We’d been having short but pleasant discussions for a few days, which was a welcome change from the polite comments about food we’d been exchanging since I arrived. But what I did was classified and I did my best to steer our conversations away from what was on my mind. It got easier with every week that went by, as I found myself spending more time reminiscing about childhood mistakes than I did thinking about the hand.

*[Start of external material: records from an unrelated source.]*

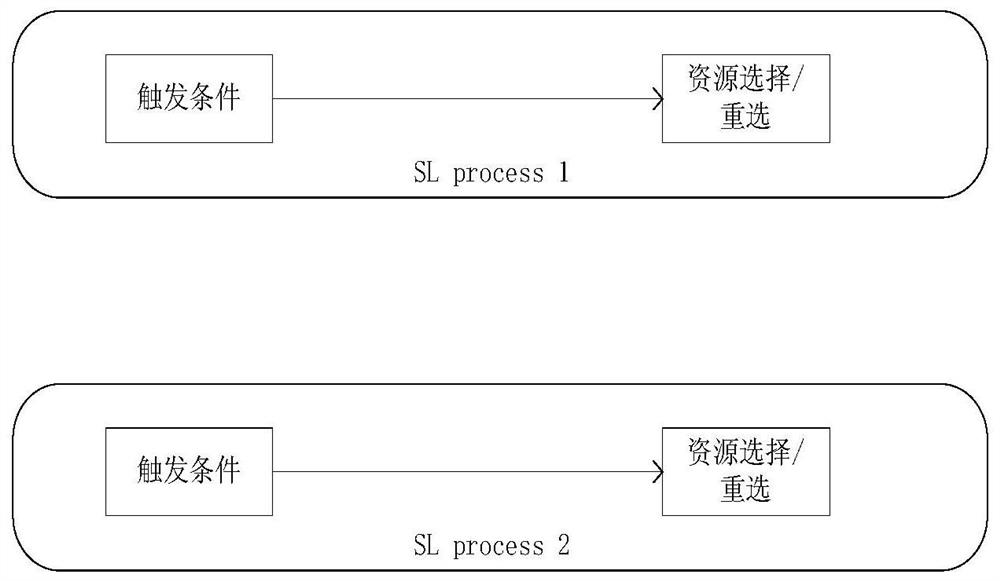 Method and device for selecting resources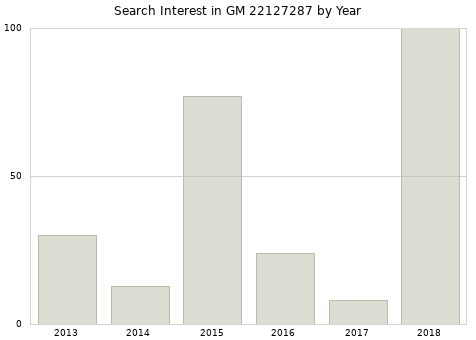 Annual search interest in GM 22127287 part.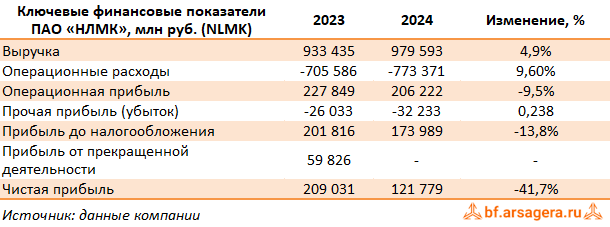 Ключевые показатели Новолипецкий металлургический комбинат, (NLMK) 2024
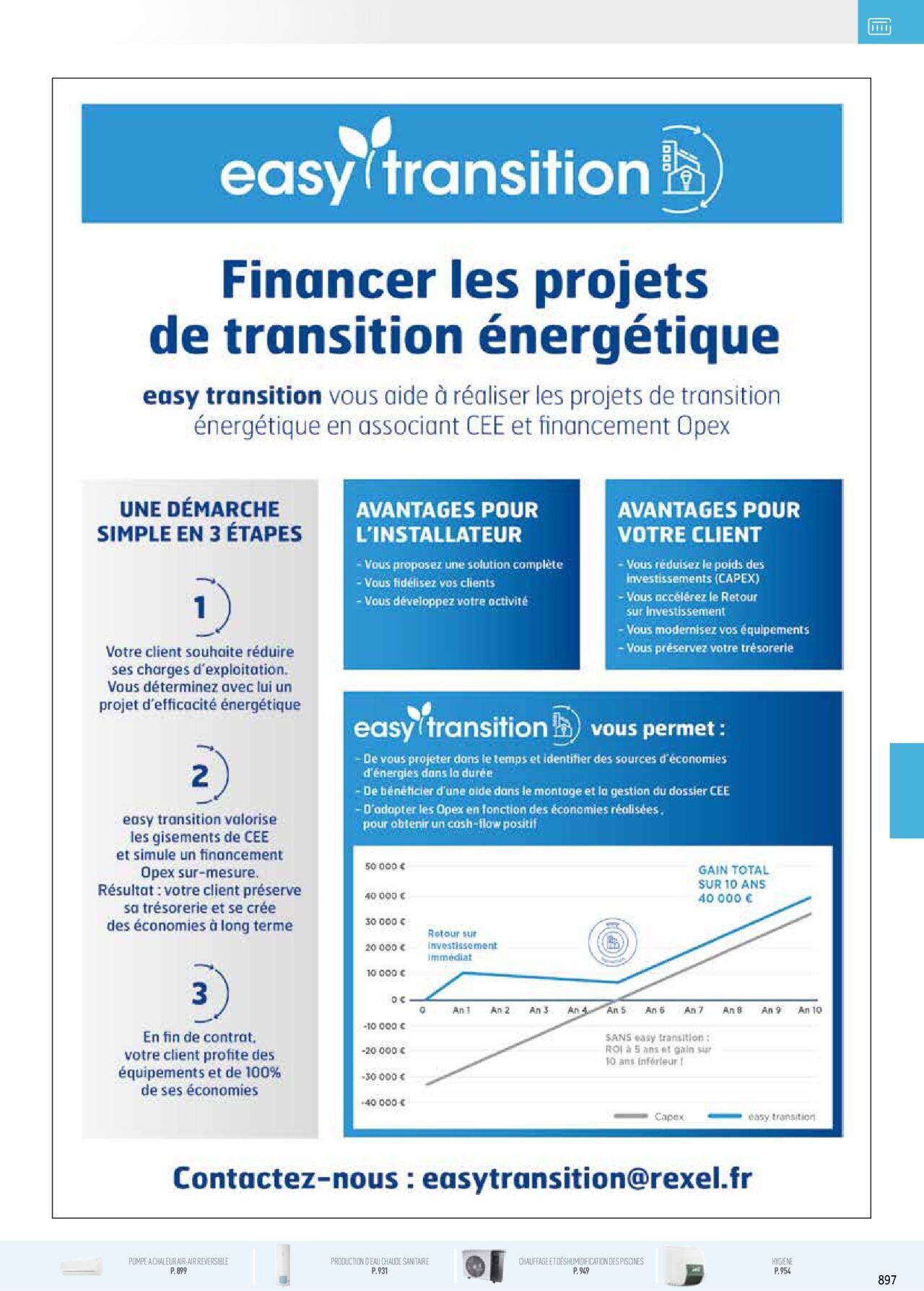 Rexel Chauffage Electrique, Eau Chaude Sanitaire, Climatisation, Ventilation et Photovoltaïque à partir du 01/12/2023 - 31/12/2024 113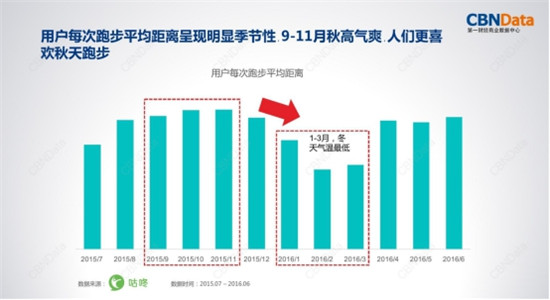 金九銀十迎旺季，金史密斯折疊跑步機R1京東天貓齊首發(fā)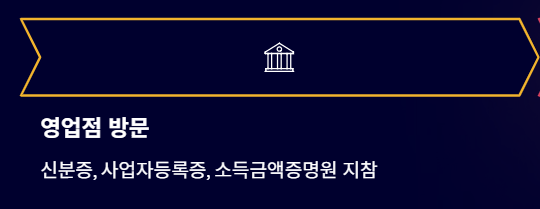 신한은행-사업자-햇살론-대출자격-대출금리-신청방법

It took nearly a month before I hiked to the site where I’d first seen it. The hole had long since been filled. There were small trees starting to grow back through the dirt and rocks. There was nothing left to see. I walked aimlessly until nightfall. Why did I find the hand first? Surely there must be other structures like the one I fell in. Why did no one find them? Why did it happen on that day? The hand had been dormant for millennia. Why did it happen then? What triggered it? What was present twenty years ago that hadn’t been for thousands of years?

Then it hit me. That was the right question to ask. I had to figure out what turned it on.

FILE NO. 004

INTERVIEW WITH CW3 KARA RESNIK, UNITED STATES ARMY

Location: Coleman Army Airfield, Mannheim, Germany

—Please state your name and rank.

—You already know my name. You’re staring at my file.

—I was told you would cooperate with this process. I would like you to state your name for the record.

—Maybe you could start by telling me what this “process” is about.

—I cannot do that. Now, state your name and rank for the record.

—“I cannot do that…” Do you overarticulate everything all the time?

—I like to enunciate things. I find it allows me to avoid misunderstandings. If there is one thing I loathe, it is to repeat myself…

—Yes. My name. You can say it, if it’s so important to you.

—As you wish. You are Chief Warrant Officer 3 Kara Resnik, and you are a helicopter pilot in the United States Army. Is that correct?

—Was. I’ve been removed from flight status, but you probably know that already.

—I did not. May I ask what happened?

—I have a detached retina. It doesn’t hurt, but my vision is affected. I’m scheduled for surgery tomorrow. When I asked, they said there’s a reasonable chance I might be able to fly again…which sounds suspiciously like “no” to me.

What did you say your name was again?

—I have not.

—Then why don’t you? For the record…

—There are many reasons why, some more relevant than others. From your perspective, it should suffice to know that you would never be allowed to leave this room alive if I did.

—You could have just said no. Do you really think threatening me will get you anywhere?

—I sincerely apologize if you felt threatened in any way, Chief Resnik. It was never my intention to make you uncomfortable. I simply did not want you to think I was being coy.